Cayman Islands chefs are hoping to turn green iguana into a marketable food source in an effort to make better use of the thousands of culled animals currently being disposed of at the landfill.
A delicacy in Latin America, often compared to chicken, green iguana will make its culinary debut at the Taste of Cayman food festival this year.
Thomas Tennant, one of the chefs who helped pioneer an “eat em to beat em” approach to tackling the invasive lionfish that threaten the health of Cayman’s reefs, believes a similar strategy can be effective with green iguanas.
Mr. Tennant, formerly of Michael’s Genuine Food and Drink, said making the invasive lizards a marketable food source was the only way to ensure numbers stayed down in the long term. Though government is currently investing heavily in an islandwide cull that has seen 250,000 iguanas killed in the last six weeks, Mr. Tennant questioned how long that would continue. He believes putting iguana on menus around the island could provide a more sustainable long-term solution.
So far, only Tukka in East End has taken the plunge, offering a starter platter of green iguana-based dishes to diners.
Mr. Tennant hopes his demonstrations at Taste of Cayman, the KAABOO festival and Cayman Cookout will help convince more chefs to get involved.
He acknowledged that some were reluctant to eat lizard, but said there had been barriers to lionfish at first, and now it is only lack of supply that prevents it from being a staple on menus all over the island.
“I had to get people to watch me eat lionfish to convince them it was OK,” he said. “Iguana might be a harder sell for some people. I am trying to figure out the best presentation for Taste of Cayman. It is actually pretty good, lean meat, like dark meat chicken.”

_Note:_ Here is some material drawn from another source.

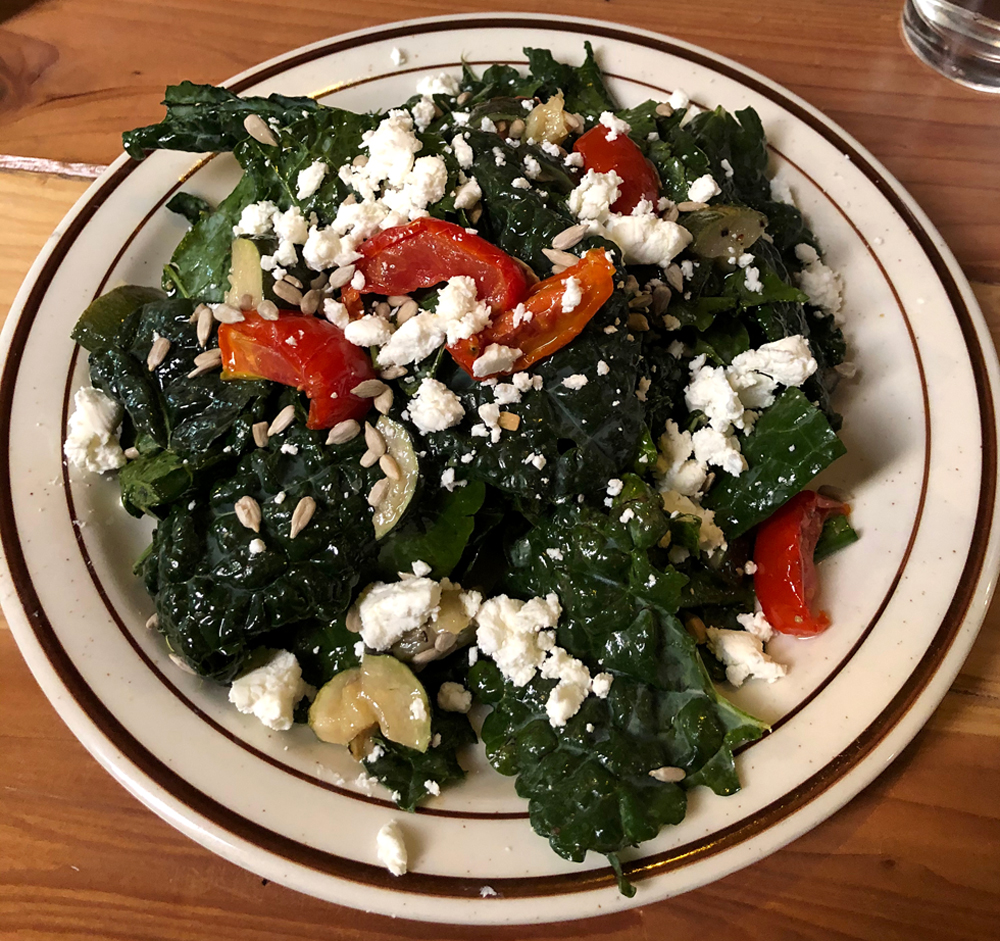 The kale bounty salad at Watson's in Champaign, Illinios. Tuscan kale salad with roasted vegetables, sunflower seeds, and goat cheese is served on a round white plate with a brown decorative edge. The plate is on a wood table. Photo by Jessica Hammie.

He said he had experimented at Cayman Thanksgiving, testing his ideas on family and friends.
“I have stewed it, jerked it, grilled it. I actually made a pâté, which turned out pretty good.”
He believes confit-syle slow cooking may be the best method to put iguana on the main course.

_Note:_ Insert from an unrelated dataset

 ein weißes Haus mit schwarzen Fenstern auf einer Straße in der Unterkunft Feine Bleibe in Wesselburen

Mr. Tennant believes both lionfish and iguana have a unique appeal to eco-conscious diners who want to eat meat while helping the environment. He said putting it on menus could be good for everyone.
The Department of Environment has already expressed support for initiatives to make iguana a food source. Fred Burton, the department’s terrestrial resources manager, previously told the Compass that targeting iguanas for food could help maintain pressure on the species once numbers start to come down.
One barrier to using the tens of thousands of iguanas currently being culled for food is the regulations governing preparation of culled animals for human consumption.
Export business Spinion, which has a food processing plant in George Town, can only accept live iguana, because the animals have to be culled on site to meet food safety standards.
The business is supplying processed green iguana to Tukka, as well as to the U.S. export market.
“I think the importance of the commercial side will really kick in once the DoE cull ends,” said Maria Yapelli, who runs the business.
“I think what Tom is doing at Taste of Cayman will be really telling as far as creating a desire for iguana on the island. So far, it is just Tukka that is serving green iguana. It will be interesting to see if more restaurants start to do it.”
Ron Hargrave, who runs Tukka in East End, said the dish had proved popular among diners. He serves it as an appetizer platter, cooked three different ways. He is supportive of the government-sponsored cull but would like to see the culled animals put to better use.
“My take on this is, it is a shame that they are just dropping them in a pit,” he said. “It doesn’t seem respectful to the animal. It is a food source that could be used. It would be good to do something with them and not have them go to waste.”